Stärken stärken
Der Wochenspruch für den 09. Sonntag nach Trinitatis lautet:
Wem viel gegeben ist, bei dem wird man viel suchen; und wem viel anvertraut ist, von dem wird man umso mehr fordern.
Lukas 12,48
Wer je in eine solche Situation gekommen ist, kennt das: Eine Bewerbung. Da hat man seine Unterlagen verschickt, Persönliches preisgegeben, sitzt einer Kommission gegenüber, die mit musternden Blicken schaut. Ein Wasser wird angeboten, und dann geht es los. Fragen, nach der Motivation, der Sachkenntnis, den Perspektiven. Irgendwann im Laufe eines solchen Bewerbungsgesprächs dann die klassische Frage: Worin sehen Sie Ihre Stärken, die Sie als die geeignete Person für die ausgeschriebene Stelle ausmachen?
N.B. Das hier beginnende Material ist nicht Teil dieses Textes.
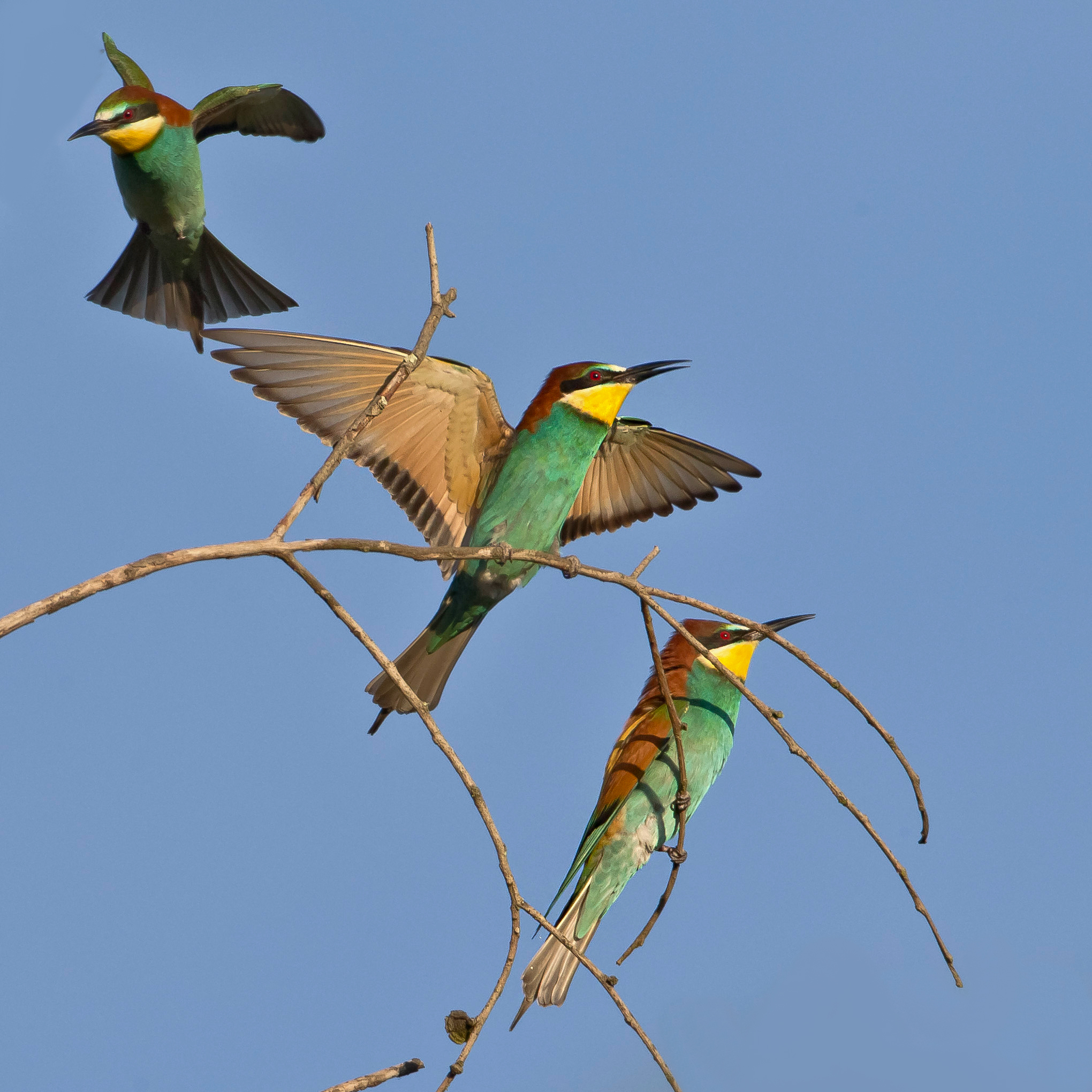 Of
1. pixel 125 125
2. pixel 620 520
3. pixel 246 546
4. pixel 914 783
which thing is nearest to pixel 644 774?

Diese Frage! Jetzt bloß nicht aufdrehen und blenden, aber auch nicht das eigene Licht unter einen Scheffel in falscher Bescheidenheit stellen. Authentisch wirken, flüssige Sätze, klare Aussagen. Eine Stresssituation.
Von den eigenen Stärken reden, kann rasch ins Abseits führen, beim Gegenüber unangenehme Gefühle auslösen. Es gehört Fingerspitzengefühl dazu, nicht nur in einem anstrengenden Bewerbungsgespräch. Vor allem aber auch ein Wissen darüber, was die eigenen Stärken sind und wo man sie gewinnbringend für alle einsetzen kann.
Der Wochenspruch für diese Woche ermuntert geradezu, mit den eigenen Stärken umzugehen, sie sich bewusst zu machen und fröhlich anzuwenden. Niemand vermag es, in allen Bereichen des Lebens stark zu sein. Doch es gibt sie in jedem, nämlich persönliche, individuelle Stärken, die andere erfreuen. Schade ist es, sie nicht zum Leuchten zu bringen.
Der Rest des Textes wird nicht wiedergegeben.